RL Curriculum via Opponent Skill¶
A curriculum learning technique for RL environments in which the difficulty of the training task is controlled by parameterising an opponent's (or world's) skill level — rather than constructing separate task tiers or datasets. Demonstrated by stefano-fiorucci in the tic-tac-toe training experiment.
"If the opponent is too perfect too early, the model might never see a win and fail to learn. We can do so by introducing a probability for the opponent to choose a random move instead of the optimal one."
The core mechanism¶
An optimal opponent (minimax algorithm) is augmented with a random-move probability parameter p ∈ [0, 1]:
p = 0→ fully optimal opponent (hardest; model rarely wins, sparse reward signal)p = 1→ fully random opponent (easiest; model can win but learns no strategy against skilled play)p ∈ (0.2, 0.7)→ productive zone: enough wins to learn attack; enough defence challenges to learn blocking
The training configuration exposes min_random_move_prob and max_random_move_prob, spanning the desired curriculum range across the dataset.
Stratified sampling for curriculum stability¶
In GRPO training, batch composition matters: if a small batch happens to contain only very-hard or very-easy opponents, the average reward fluctuates wildly, destabilising weight updates.
Fiorucci's solution: stratified sampling that forces every batch to contain a perfectly balanced mix of opponent difficulty across the configured range.
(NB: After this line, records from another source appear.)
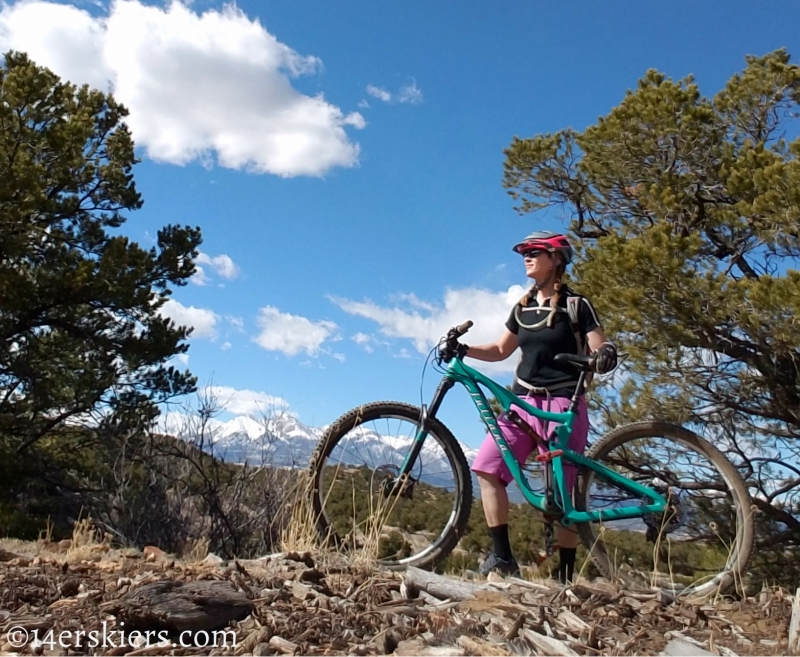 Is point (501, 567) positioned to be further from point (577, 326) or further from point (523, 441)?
point (577, 326)

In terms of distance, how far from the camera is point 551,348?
145 inches

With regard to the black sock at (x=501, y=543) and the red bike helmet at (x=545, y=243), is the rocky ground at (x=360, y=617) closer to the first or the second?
the black sock at (x=501, y=543)

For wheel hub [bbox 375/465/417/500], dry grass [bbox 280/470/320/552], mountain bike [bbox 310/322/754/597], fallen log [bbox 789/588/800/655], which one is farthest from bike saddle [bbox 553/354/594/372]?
dry grass [bbox 280/470/320/552]

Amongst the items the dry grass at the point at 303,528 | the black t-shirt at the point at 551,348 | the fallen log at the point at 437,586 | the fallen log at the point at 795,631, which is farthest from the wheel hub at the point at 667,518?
the dry grass at the point at 303,528

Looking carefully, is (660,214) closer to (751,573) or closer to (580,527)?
(751,573)

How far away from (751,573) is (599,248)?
4.29 meters

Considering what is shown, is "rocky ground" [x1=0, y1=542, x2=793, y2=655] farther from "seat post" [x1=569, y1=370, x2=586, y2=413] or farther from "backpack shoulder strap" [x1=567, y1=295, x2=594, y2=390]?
"backpack shoulder strap" [x1=567, y1=295, x2=594, y2=390]

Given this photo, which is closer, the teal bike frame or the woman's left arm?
the woman's left arm

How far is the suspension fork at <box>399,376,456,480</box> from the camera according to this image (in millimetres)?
3707

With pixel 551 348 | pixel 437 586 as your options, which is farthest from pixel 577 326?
pixel 437 586

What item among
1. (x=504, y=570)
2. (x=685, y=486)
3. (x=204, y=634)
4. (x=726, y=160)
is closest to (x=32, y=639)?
(x=204, y=634)

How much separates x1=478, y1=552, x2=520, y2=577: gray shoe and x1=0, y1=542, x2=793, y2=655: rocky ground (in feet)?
1.44

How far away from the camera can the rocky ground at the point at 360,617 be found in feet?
7.33

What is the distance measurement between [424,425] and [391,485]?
36cm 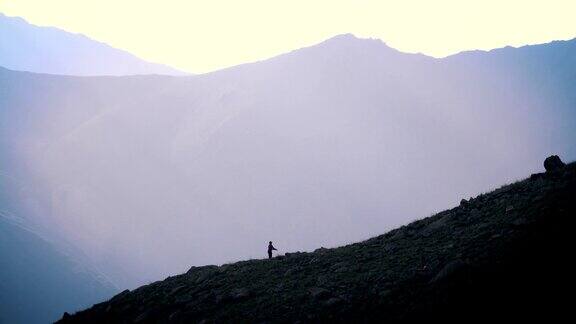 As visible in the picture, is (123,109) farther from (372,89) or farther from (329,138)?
(372,89)

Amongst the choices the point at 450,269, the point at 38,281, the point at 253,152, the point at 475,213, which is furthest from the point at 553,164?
the point at 253,152

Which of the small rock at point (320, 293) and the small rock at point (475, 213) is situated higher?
the small rock at point (475, 213)

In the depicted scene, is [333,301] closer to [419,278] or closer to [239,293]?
[419,278]

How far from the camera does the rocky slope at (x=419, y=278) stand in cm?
779

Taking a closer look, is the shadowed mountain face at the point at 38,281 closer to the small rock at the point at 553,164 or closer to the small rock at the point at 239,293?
the small rock at the point at 239,293

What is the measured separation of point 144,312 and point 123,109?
17612 cm

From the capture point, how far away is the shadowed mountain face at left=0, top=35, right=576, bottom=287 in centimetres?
13700

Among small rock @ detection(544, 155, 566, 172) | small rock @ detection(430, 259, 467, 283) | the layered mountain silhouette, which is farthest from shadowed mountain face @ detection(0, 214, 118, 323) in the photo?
small rock @ detection(544, 155, 566, 172)

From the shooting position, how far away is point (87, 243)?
131 meters

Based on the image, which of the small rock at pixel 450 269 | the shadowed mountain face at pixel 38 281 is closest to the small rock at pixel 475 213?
the small rock at pixel 450 269

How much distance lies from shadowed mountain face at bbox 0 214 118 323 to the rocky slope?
9447 centimetres

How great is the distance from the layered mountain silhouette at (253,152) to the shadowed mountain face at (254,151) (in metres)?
0.66

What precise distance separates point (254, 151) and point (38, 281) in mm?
87601

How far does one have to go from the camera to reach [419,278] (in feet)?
32.5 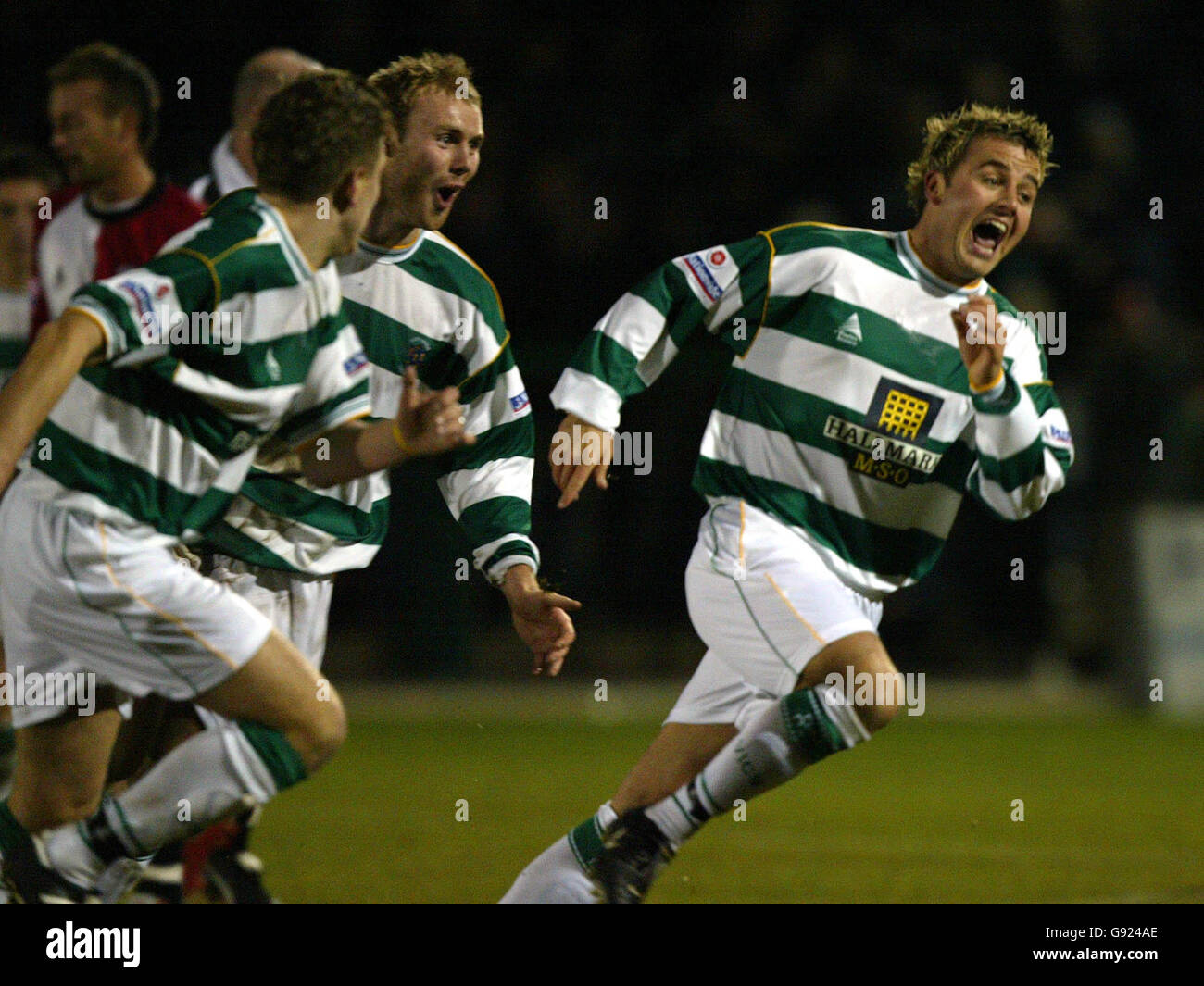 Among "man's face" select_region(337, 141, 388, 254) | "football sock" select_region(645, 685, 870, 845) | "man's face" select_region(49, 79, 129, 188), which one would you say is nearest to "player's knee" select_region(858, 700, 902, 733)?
"football sock" select_region(645, 685, 870, 845)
This keeps the gradient signal consistent regardless of batch size.
"This forces every batch to contain a perfectly balanced mix of opponent difficulty spanning the chosen range."
Noise reduction within rollouts¶
Beyond batch-level curriculum control, per-turn determinism is enforced using seeds:
- An example seed is assigned to each dataset example (determines starting player, etc.)
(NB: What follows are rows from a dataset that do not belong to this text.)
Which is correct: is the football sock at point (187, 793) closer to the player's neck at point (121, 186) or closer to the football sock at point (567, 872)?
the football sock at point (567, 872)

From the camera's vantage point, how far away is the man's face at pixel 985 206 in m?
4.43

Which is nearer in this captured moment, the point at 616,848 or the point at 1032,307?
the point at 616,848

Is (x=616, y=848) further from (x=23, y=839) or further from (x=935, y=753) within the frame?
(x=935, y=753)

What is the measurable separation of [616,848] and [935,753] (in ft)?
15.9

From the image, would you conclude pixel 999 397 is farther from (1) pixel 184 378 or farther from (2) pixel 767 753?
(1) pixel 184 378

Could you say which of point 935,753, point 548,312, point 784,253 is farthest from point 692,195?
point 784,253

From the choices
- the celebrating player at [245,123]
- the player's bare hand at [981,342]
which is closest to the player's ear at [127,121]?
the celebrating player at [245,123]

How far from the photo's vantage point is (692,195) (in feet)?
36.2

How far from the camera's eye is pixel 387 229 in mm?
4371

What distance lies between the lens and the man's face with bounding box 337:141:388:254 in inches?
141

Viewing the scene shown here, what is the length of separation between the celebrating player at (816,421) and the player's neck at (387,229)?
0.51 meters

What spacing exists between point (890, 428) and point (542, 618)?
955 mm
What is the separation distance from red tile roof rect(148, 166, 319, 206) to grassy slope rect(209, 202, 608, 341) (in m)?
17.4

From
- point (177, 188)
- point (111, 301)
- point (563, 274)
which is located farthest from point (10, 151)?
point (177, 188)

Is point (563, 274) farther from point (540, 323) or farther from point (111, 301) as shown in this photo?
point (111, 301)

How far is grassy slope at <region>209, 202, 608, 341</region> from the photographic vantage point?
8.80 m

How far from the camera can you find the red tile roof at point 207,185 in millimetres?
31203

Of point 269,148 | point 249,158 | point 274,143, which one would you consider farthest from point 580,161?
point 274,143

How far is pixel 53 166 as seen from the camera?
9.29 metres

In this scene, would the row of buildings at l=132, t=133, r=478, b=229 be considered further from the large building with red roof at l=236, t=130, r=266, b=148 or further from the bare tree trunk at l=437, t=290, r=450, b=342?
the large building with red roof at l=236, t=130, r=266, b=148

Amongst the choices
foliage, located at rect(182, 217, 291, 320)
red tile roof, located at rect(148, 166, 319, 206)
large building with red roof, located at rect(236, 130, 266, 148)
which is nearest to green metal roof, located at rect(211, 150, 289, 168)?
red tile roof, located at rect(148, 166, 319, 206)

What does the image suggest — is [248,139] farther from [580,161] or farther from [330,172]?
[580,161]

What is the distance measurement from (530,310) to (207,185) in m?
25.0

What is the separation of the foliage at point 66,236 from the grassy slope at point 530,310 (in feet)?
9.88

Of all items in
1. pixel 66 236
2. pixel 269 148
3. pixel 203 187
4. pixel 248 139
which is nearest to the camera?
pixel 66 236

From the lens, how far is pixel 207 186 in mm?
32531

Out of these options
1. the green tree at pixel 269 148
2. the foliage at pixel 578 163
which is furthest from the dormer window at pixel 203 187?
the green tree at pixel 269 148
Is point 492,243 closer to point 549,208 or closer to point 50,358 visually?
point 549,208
- A turn seed is derived from example seed + current board state
- Guarantee: if two rollouts reach the same board position, the opponent always responds identically — reward differences reflect model behaviour, not environment randomness
This is critical for GRPO, which compares rollouts from the same starting point to compute advantages.
Failure mode: collapsing to over-defensive play¶
In a later training run (higher temperature, tighter opponent skill range), Fiorucci observed:
"The model became overly defensive and failed to exploit errors when tested against random players."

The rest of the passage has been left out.